▶ **WHAT THE TASK ASKS**
Take the entries that follow and return exactly the lines from the one holding "可動域広げて正解でした" through the one holding "GENERICO - Balón", both included. Nothing else is needed.

▶ **INFORMATION**
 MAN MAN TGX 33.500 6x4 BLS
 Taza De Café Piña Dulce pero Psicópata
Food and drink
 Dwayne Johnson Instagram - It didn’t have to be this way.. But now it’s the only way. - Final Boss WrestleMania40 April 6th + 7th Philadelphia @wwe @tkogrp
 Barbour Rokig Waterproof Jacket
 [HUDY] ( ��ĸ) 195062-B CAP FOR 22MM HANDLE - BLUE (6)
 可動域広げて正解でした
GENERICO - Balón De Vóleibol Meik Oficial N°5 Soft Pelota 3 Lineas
...
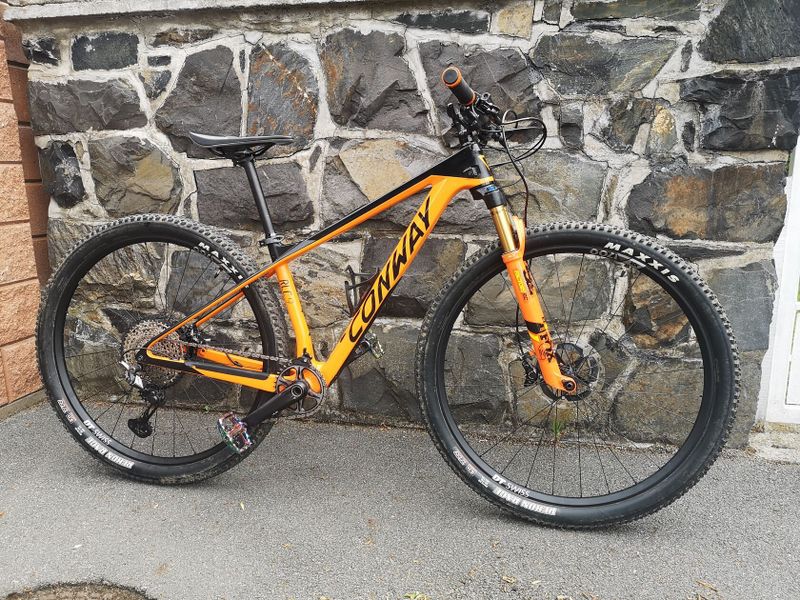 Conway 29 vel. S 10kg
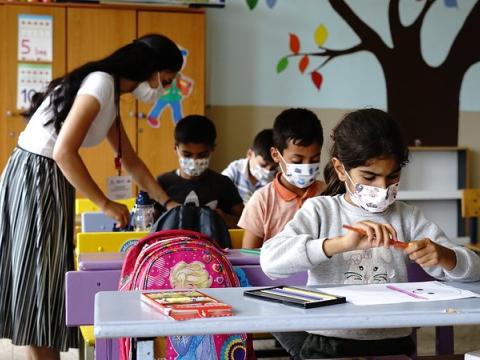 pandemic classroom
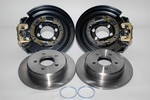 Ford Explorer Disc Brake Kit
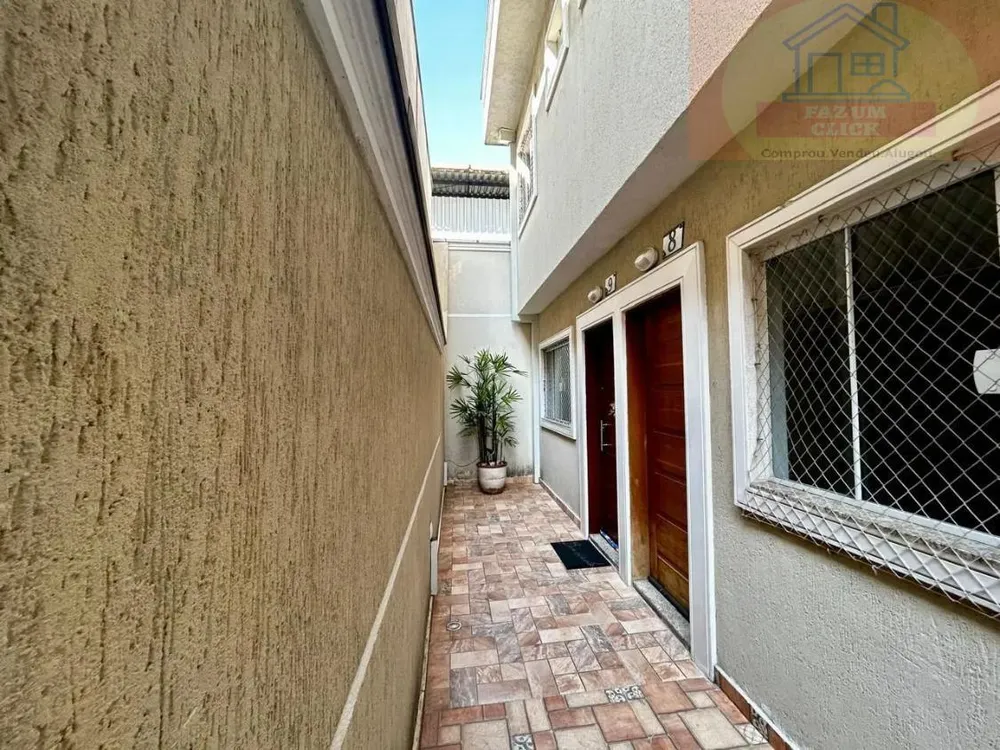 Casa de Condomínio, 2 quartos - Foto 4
* * *
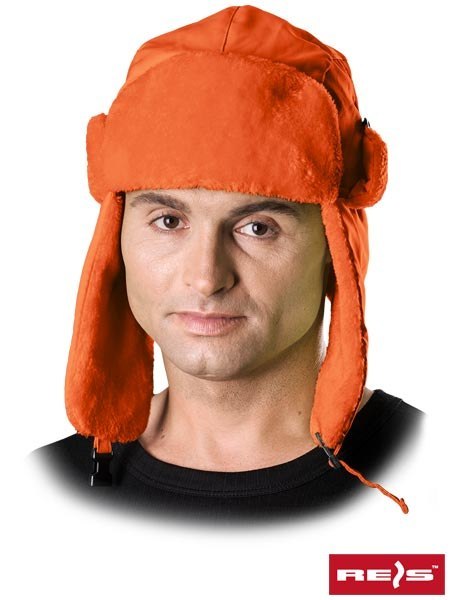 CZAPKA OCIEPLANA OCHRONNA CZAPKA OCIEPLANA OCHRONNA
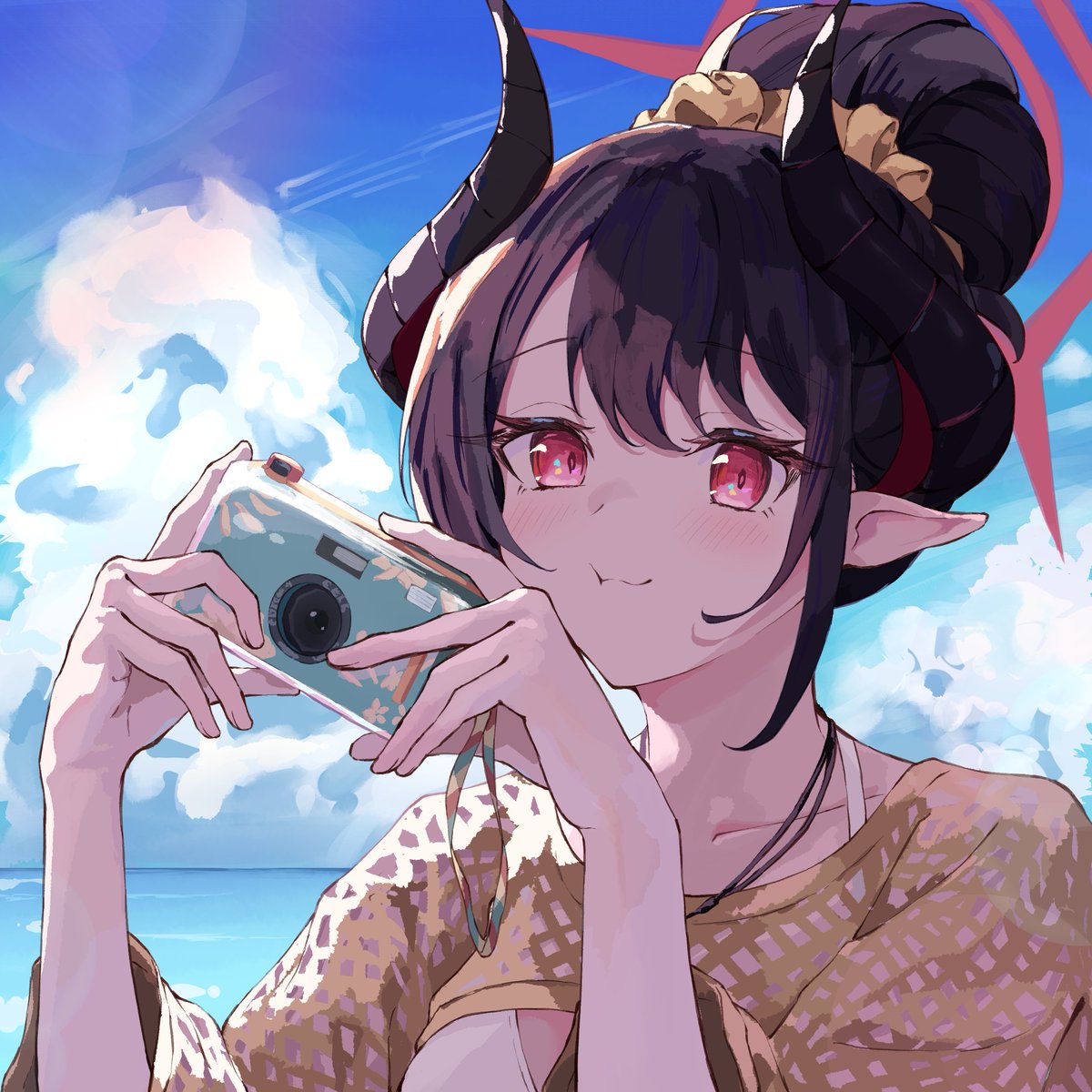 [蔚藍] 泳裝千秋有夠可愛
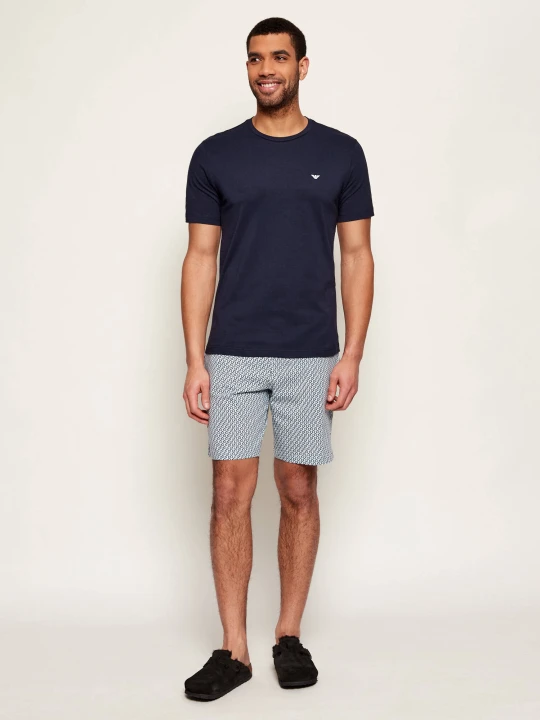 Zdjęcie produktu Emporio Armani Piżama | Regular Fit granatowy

▶ **ANSWER BOX**
 可動域広げて正解でした
GENERICO - Balón De Vóleibol Meik Oficial N°5 Soft Pelota 3 Lineas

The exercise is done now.